Top of Records for this exercise
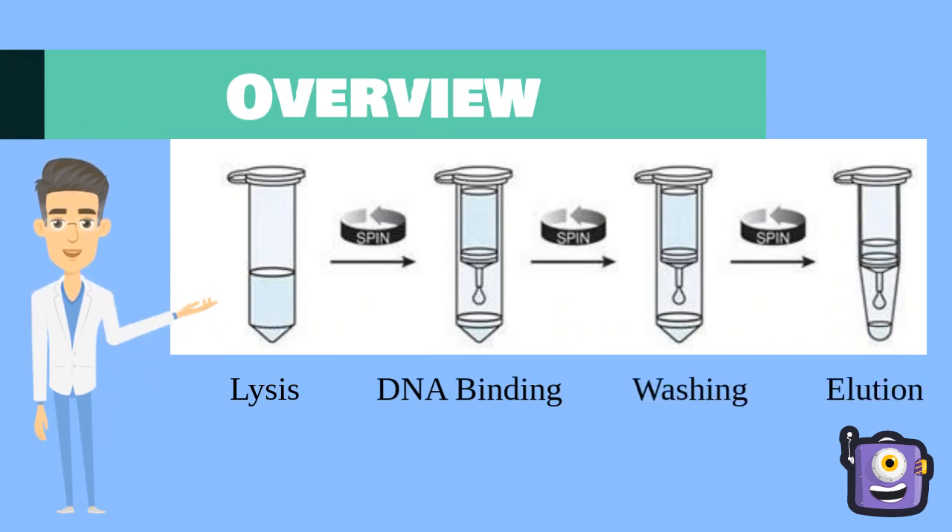First, we lyse the cells and transfer them into a spin column that contains silica gel. Then we add a buffer to our column and centrifuge it, which causes the DNA to bind to the silica gel. Afterwards, we wash away impurities that are still stuck to the gel. Finally, we add an elution buffer to our column to separate the DNA from the silica gel.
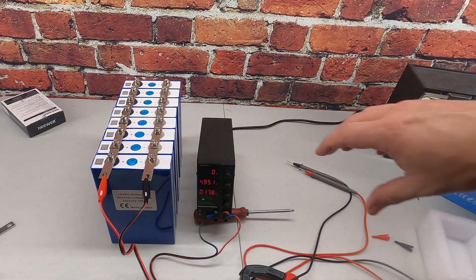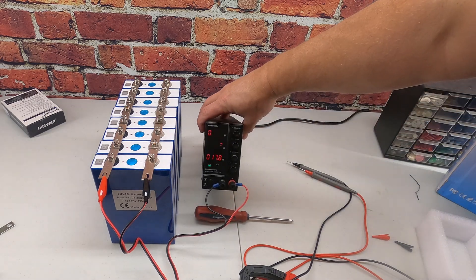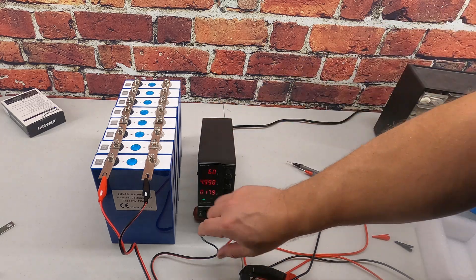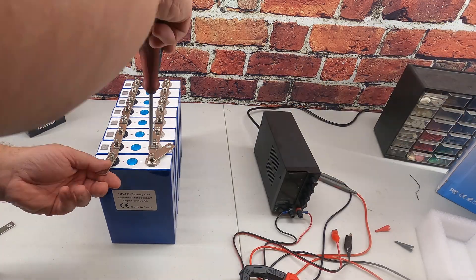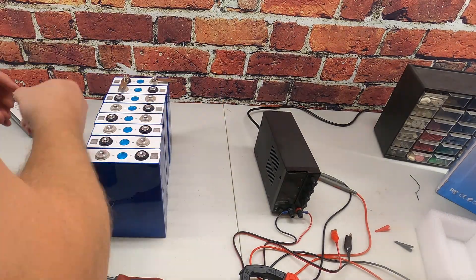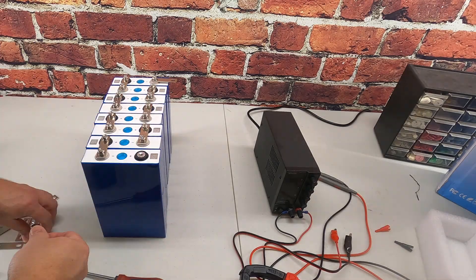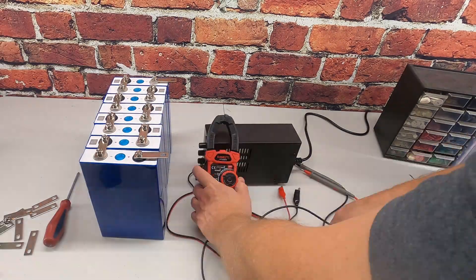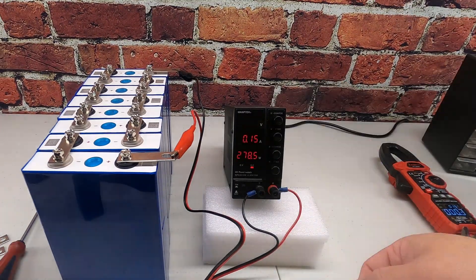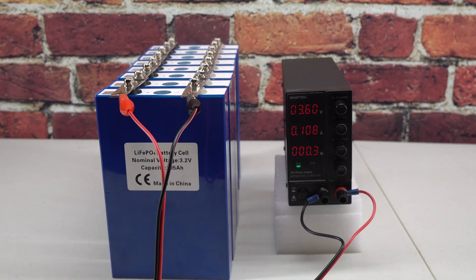Once I received the cells, I top-balanced them to 100% or 3.65V. This is an important step to ensure that all of the cells start at the same charge level. I initially started by balancing all of them in parallel, but this was taking way too long. To speed things up, I temporarily connected them in series and regularly monitored the voltage of each cell. Once the highest voltage started to get close to 3.5V, I reconnected them in parallel to finish the top balancing. This whole process took about a week.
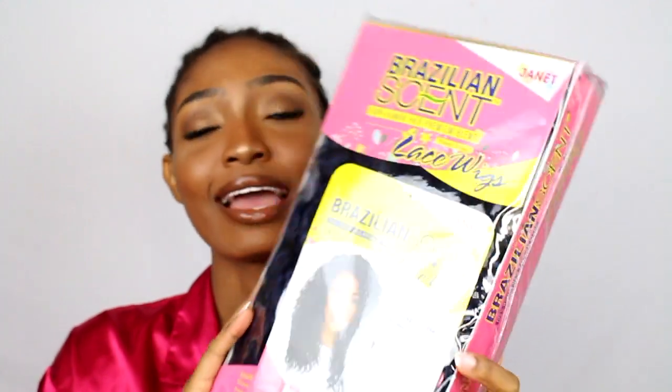Brazilian Scent by Janet Collection sent me this wig and I'm so excited. I haven't done a wig review in forever, so I'm just gonna come here and do an unboxing. This is Brazilian Scent — 100% human hair blend, protein infused, sub-Remy touch, tangle free and shed free.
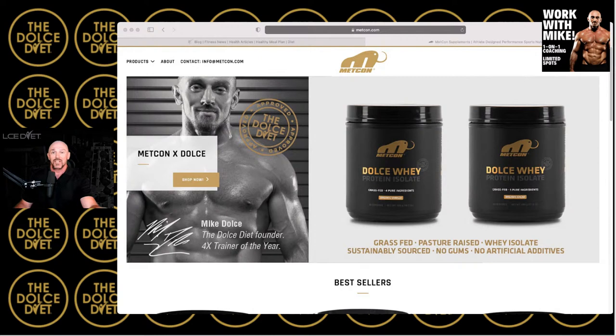Before I get into it, go to metcon.com/dolce, promo code DOLCE to save 20%. Click the link below for the most powerful protein on the planet — the Dolce Whey, cold-process cross-flow micro-filtered grass-fed whey protein isolate. If you care about your body, you care about what you put into your body, and that's why we created the Dolce Whey.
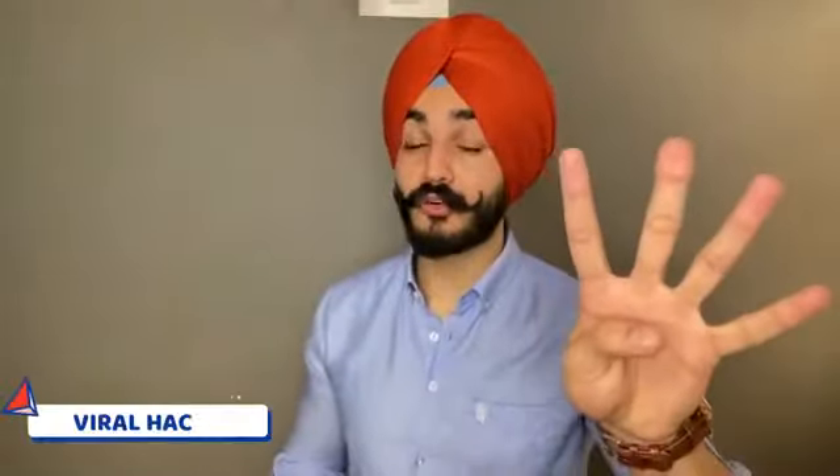Viral fashion hack number four is shirt tuck-in. When your shirt is not fitting your body size, or if your shirt is too big for your torso and waist, you will notice people recommend tucking in. But if your shirt is very short, you should tuck in. I recommend: if you have a short shirt, tuck out.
Bottom of Records for this exercise
Work order: Write out again the lines from the one with "Brazilian Scent by" through the end of the records exactly, without any of the pictures.

Solution for this problem:
Brazilian Scent by Janet Collection sent me this wig and I'm so excited. I haven't done a wig review in forever, so I'm just gonna come here and do an unboxing. This is Brazilian Scent — 100% human hair blend, protein infused, sub-Remy touch, tangle free and shed free.
Before I get into it, go to metcon.com/dolce, promo code DOLCE to save 20%. Click the link below for the most powerful protein on the planet — the Dolce Whey, cold-process cross-flow micro-filtered grass-fed whey protein isolate. If you care about your body, you care about what you put into your body, and that's why we created the Dolce Whey.
Viral fashion hack number four is shirt tuck-in. When your shirt is not fitting your body size, or if your shirt is too big for your torso and waist, you will notice people recommend tucking in. But if your shirt is very short, you should tuck in. I recommend: if you have a short shirt, tuck out.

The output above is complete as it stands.